Exactly as they appear below, repeat the lines from the one with "ホンダ フィット ハイブリット" through the one with "Purple velvet sofa", and no others.

Source material Block Start

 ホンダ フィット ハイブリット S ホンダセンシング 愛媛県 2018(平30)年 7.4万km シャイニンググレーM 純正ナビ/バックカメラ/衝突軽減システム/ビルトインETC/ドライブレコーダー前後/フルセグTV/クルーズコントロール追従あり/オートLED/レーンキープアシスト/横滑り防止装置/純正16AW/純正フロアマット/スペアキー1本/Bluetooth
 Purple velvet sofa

Source material Block End
Source material Block Start

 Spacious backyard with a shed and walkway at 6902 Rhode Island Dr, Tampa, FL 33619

Source material Block End

Reply to the exercise:
 ホンダ フィット ハイブリット S ホンダセンシング 愛媛県 2018(平30)年 7.4万km シャイニンググレーM 純正ナビ/バックカメラ/衝突軽減システム/ビルトインETC/ドライブレコーダー前後/フルセグTV/クルーズコントロール追従あり/オートLED/レーンキープアシスト/横滑り防止装置/純正16AW/純正フロアマット/スペアキー1本/Bluetooth
 Purple velvet sofa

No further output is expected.